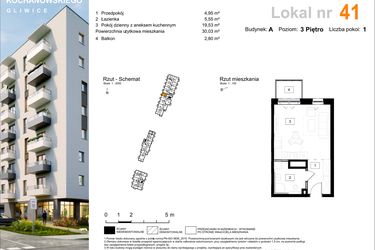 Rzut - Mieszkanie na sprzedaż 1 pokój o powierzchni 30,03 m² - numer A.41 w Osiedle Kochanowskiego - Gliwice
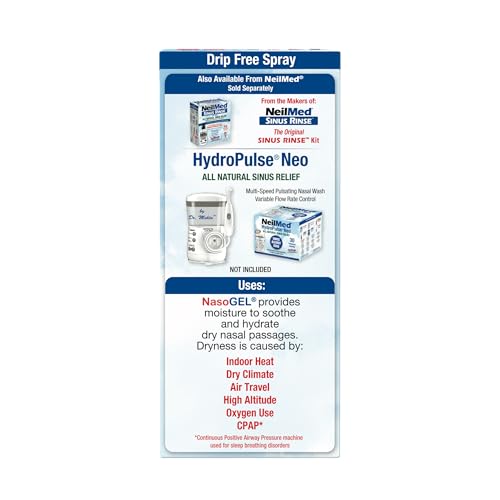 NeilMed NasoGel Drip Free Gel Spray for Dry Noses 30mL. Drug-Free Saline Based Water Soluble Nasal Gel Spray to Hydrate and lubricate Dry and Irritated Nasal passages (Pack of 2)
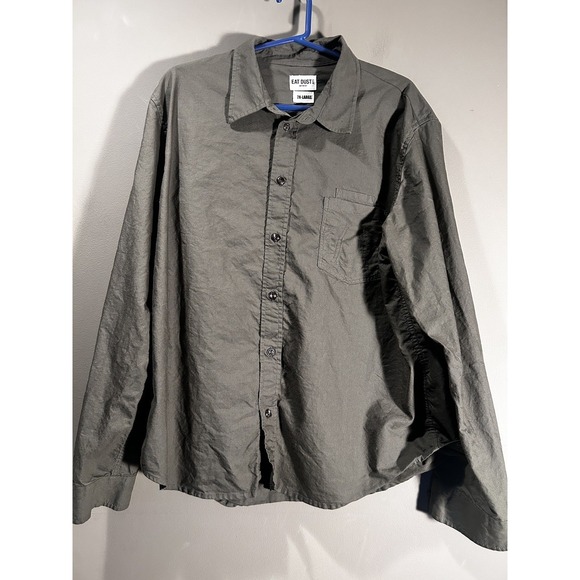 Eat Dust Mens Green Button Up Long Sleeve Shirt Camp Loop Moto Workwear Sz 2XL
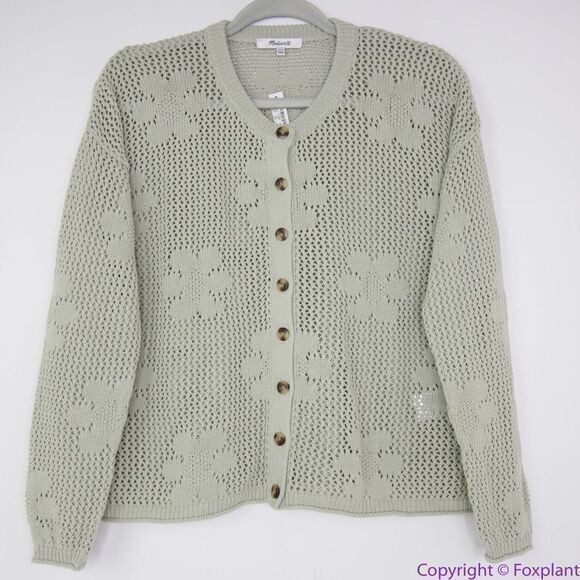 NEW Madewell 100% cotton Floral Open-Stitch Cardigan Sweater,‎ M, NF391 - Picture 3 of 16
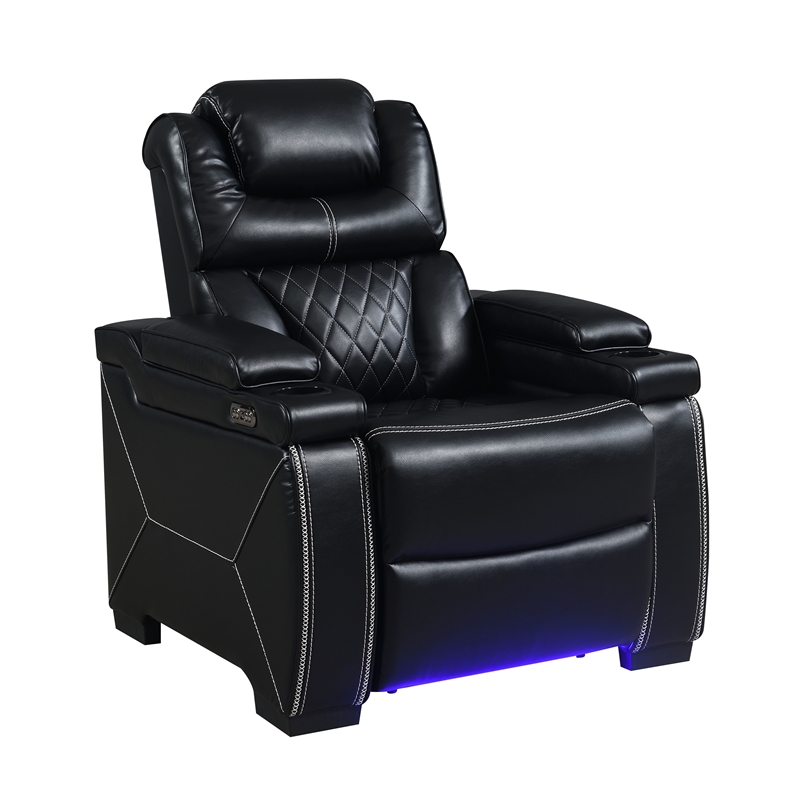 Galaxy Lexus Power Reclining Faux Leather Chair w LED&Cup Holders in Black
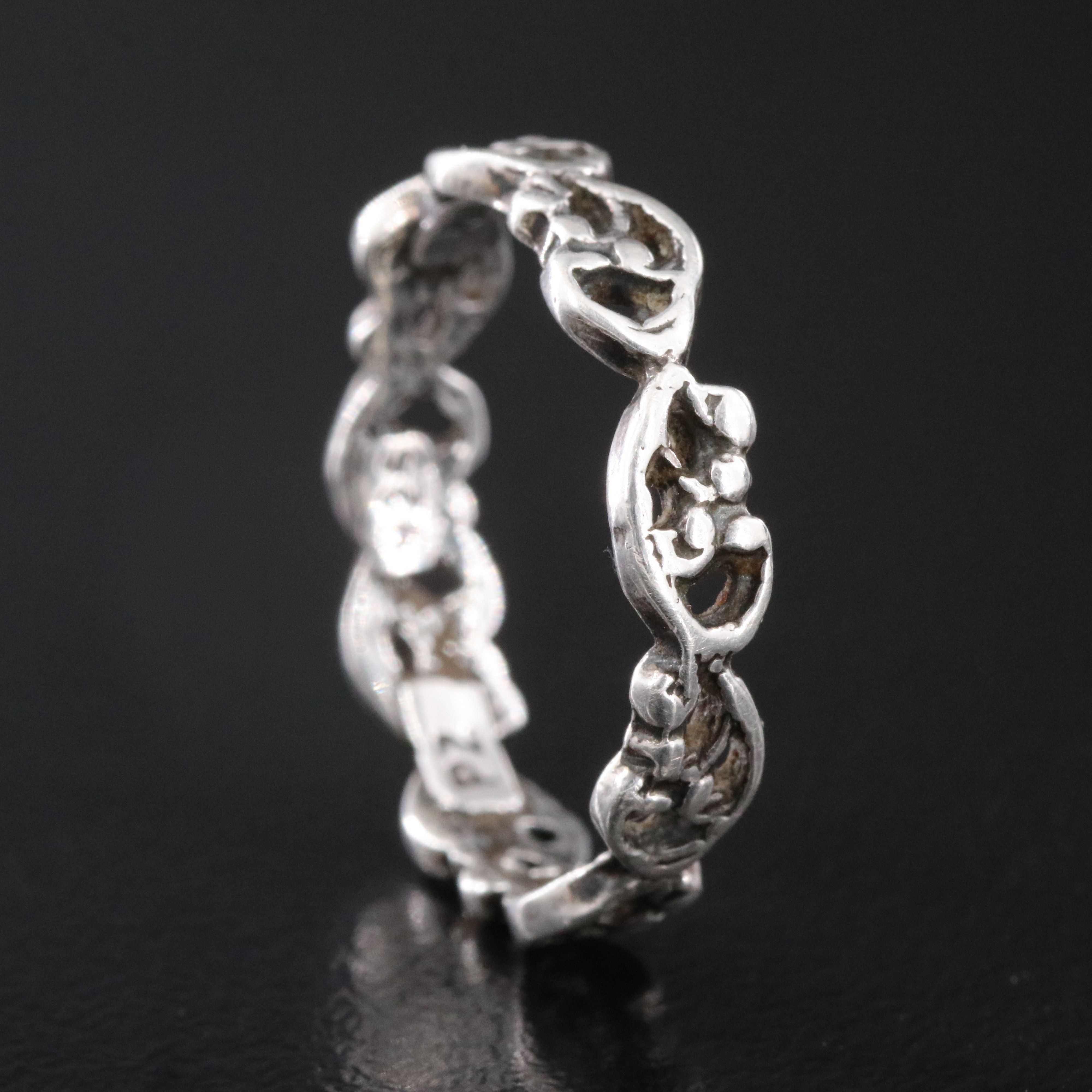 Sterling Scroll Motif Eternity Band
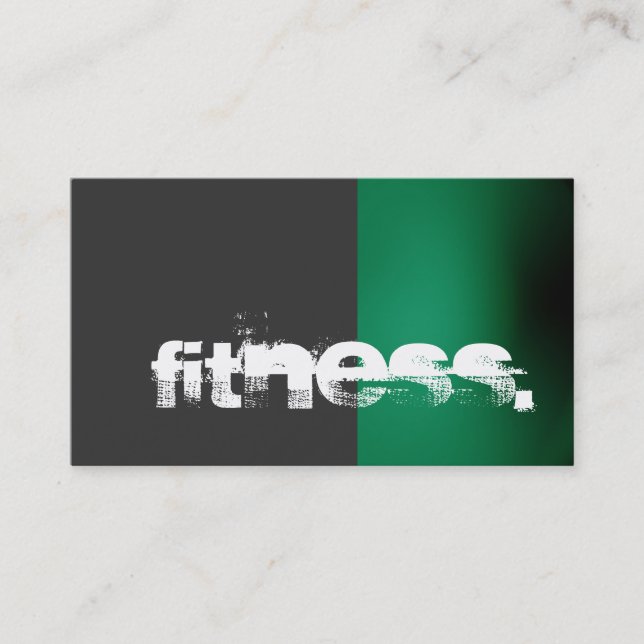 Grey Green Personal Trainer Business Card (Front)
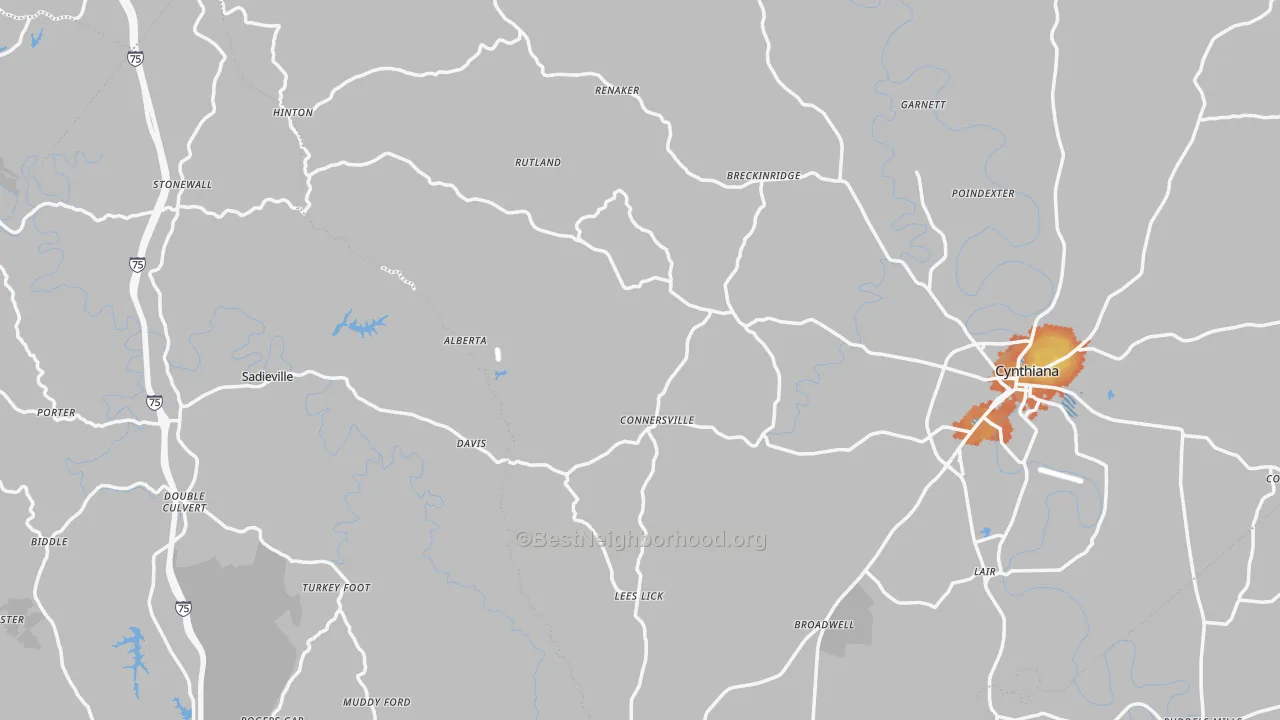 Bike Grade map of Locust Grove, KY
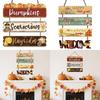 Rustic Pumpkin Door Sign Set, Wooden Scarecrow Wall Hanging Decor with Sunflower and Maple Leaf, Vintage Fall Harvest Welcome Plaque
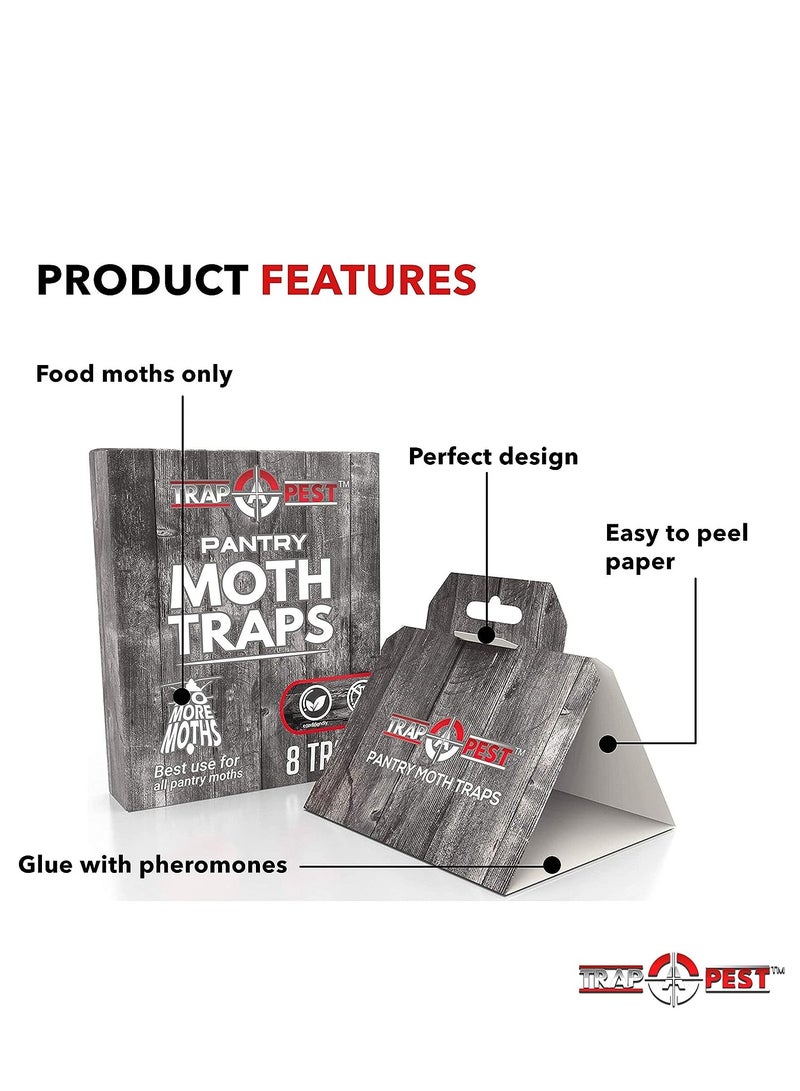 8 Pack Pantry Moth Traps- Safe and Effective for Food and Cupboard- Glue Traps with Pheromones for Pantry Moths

------------------------------------------------------------------------

Exercise directions: Pictures excluded, copy the lines exactly from where the material starts to the line with "Eat Dust Mens", inclusive.

Solved exercise:
 Rzut - Mieszkanie na sprzedaż 1 pokój o powierzchni 30,03 m² - numer A.41 w Osiedle Kochanowskiego - Gliwice
 NeilMed NasoGel Drip Free Gel Spray for Dry Noses 30mL. Drug-Free Saline Based Water Soluble Nasal Gel Spray to Hydrate and lubricate Dry and Irritated Nasal passages (Pack of 2)
 Eat Dust Mens Green Button Up Long Sleeve Shirt Camp Loop Moto Workwear Sz 2XL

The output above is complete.